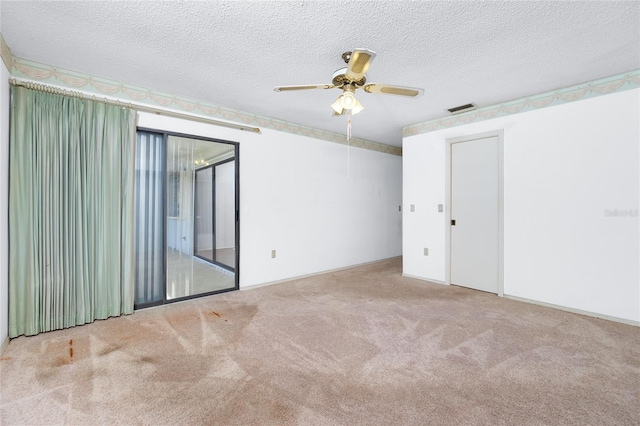 empty room with ceiling fan, light carpet, and a textured ceiling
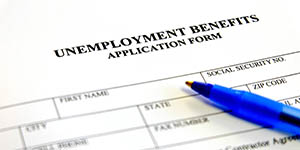 An application form for unemployment insurance with a pen on top of it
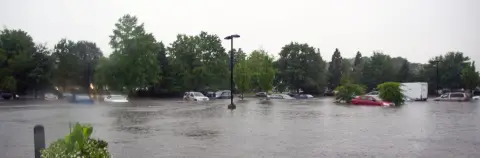 Parking inondé avec des voitures submergées dans l'eau. 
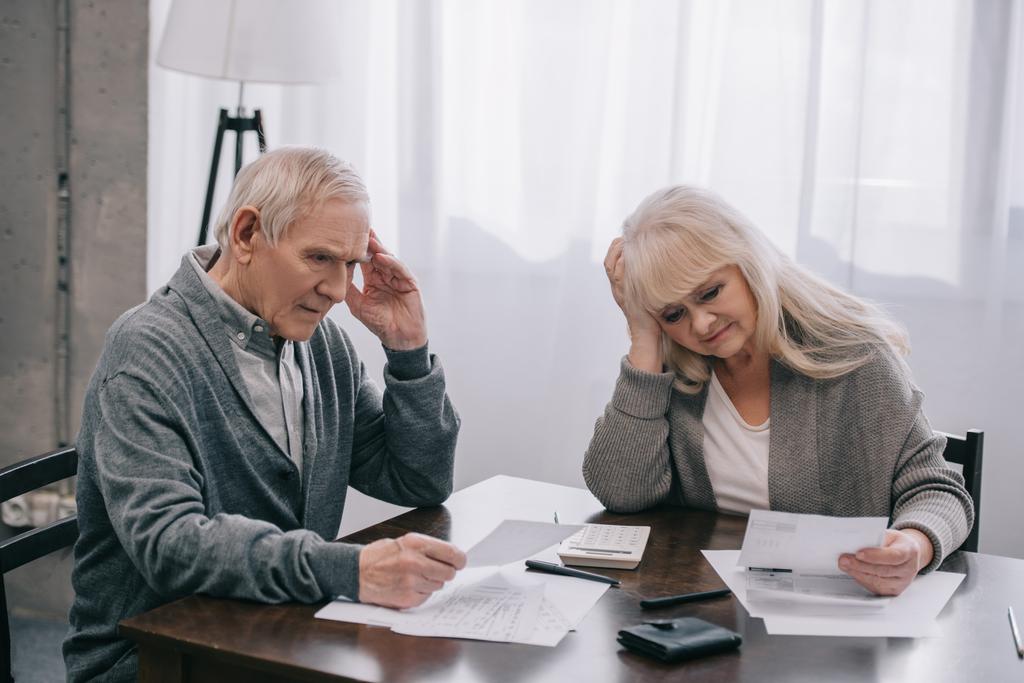 stressed senior couple with hands on head sitting at table and looking at bills  - Photo, Image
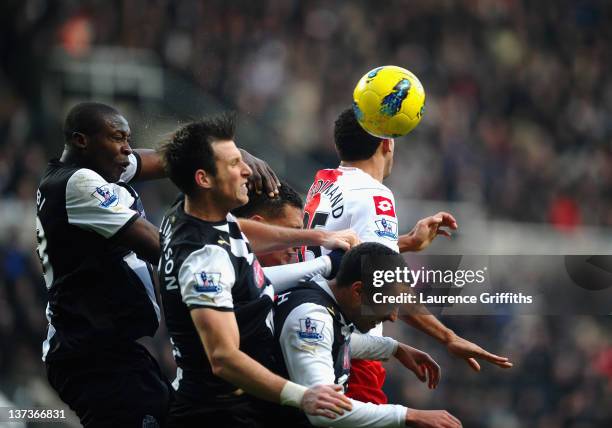 Shola Ameobi of Newcastle United clears the ball under pressure during the Barclays Premier League match between Newcastle United and Queens Park...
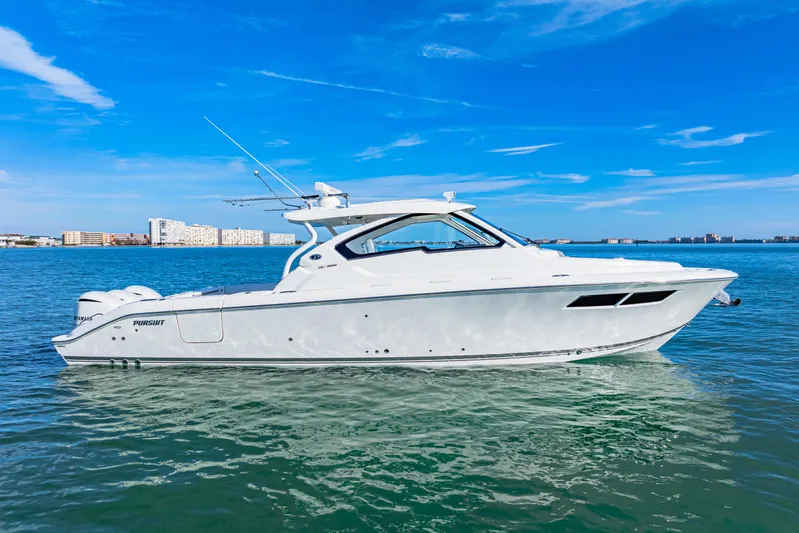 Conspirasea Yacht Photos Pics 2021 Pursuit DC 365 Dual Console boat on clear blue water.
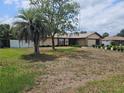 Inviting single-story home with a spacious front yard, mature trees, and attached garage at 516 Marion Oaks Dr, Ocala, FL 34473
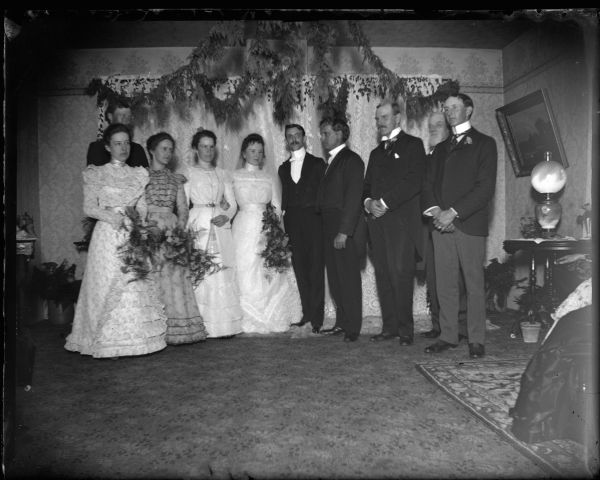 Bride, groom, and attendants posed standing at a wedding.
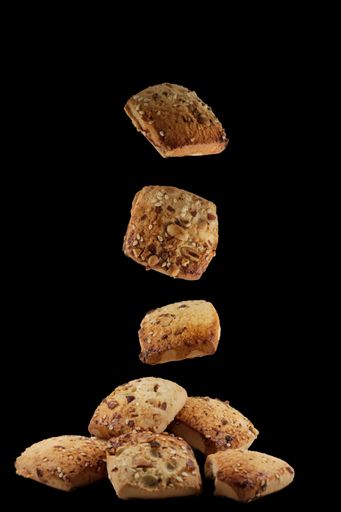 A vertical shot of freshly baked chocolate chips cookies falling on the black surface isolated on black background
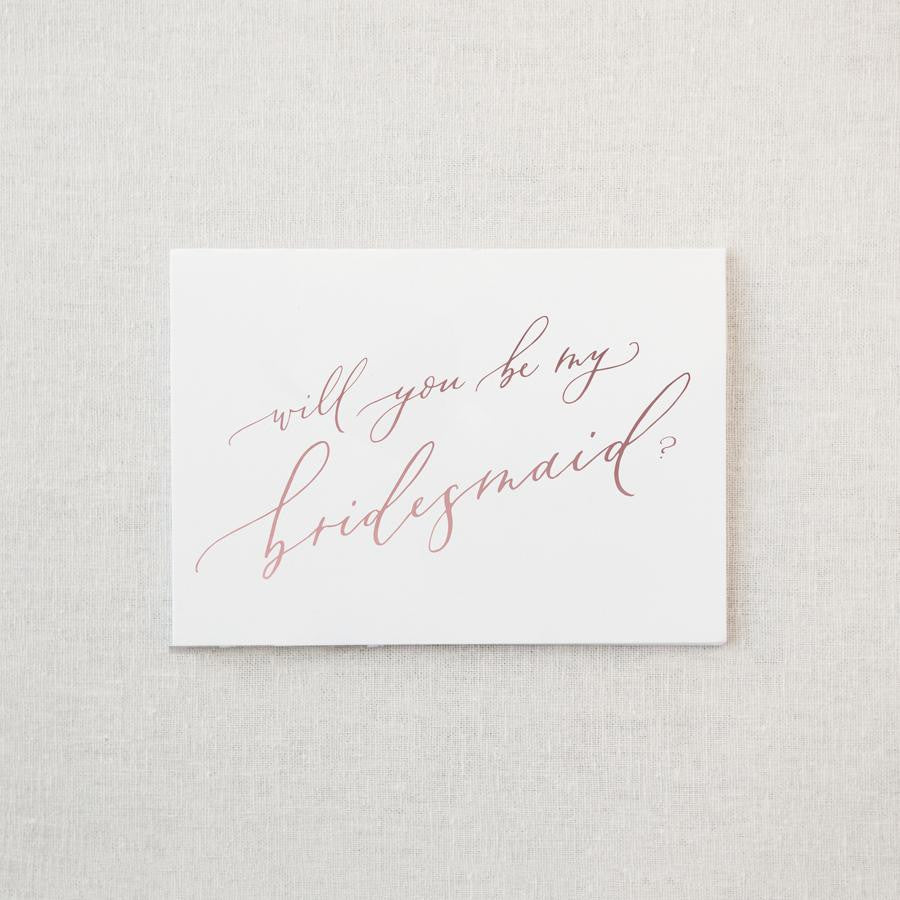 White envelope size card (approx. 3.5" x 5"), reads, "Will you be my bridesmaid?" in rose gold text.
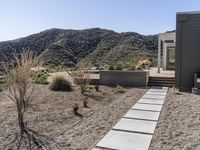 this home is built in the desert with no grass on the lawn, and has stairs leading into a garden area and yard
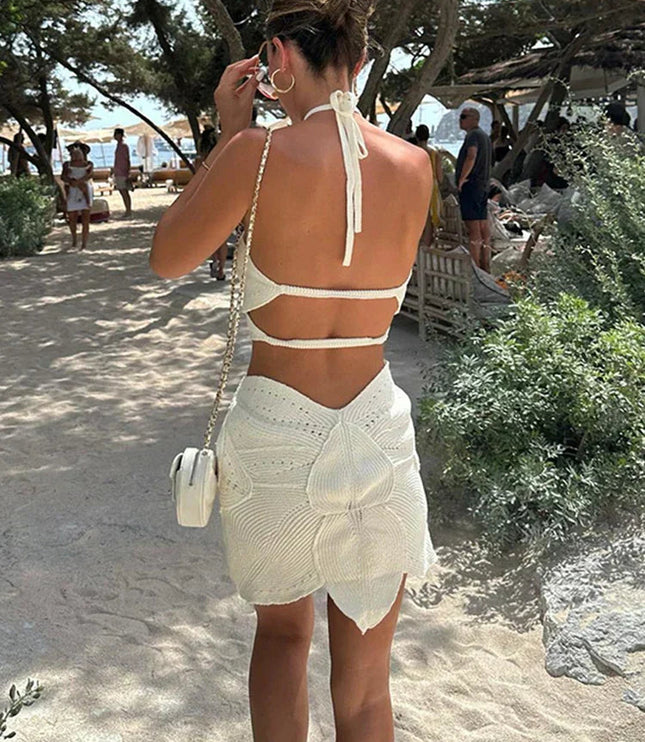 Back view of a women's white crochet halter neck mini dress, showcasing the open back and unique skirt design.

## EXERCISE GOAL
Please leave out the pictures as you reproduce the lines exactly, from the first line of the entries through the line containing "Parking inondé avec".

## SOLUTION FOR THIS PROBLEM
 empty room with ceiling fan, light carpet, and a textured ceiling
 An application form for unemployment insurance with a pen on top of it
 Parking inondé avec des voitures submergées dans l'eau. 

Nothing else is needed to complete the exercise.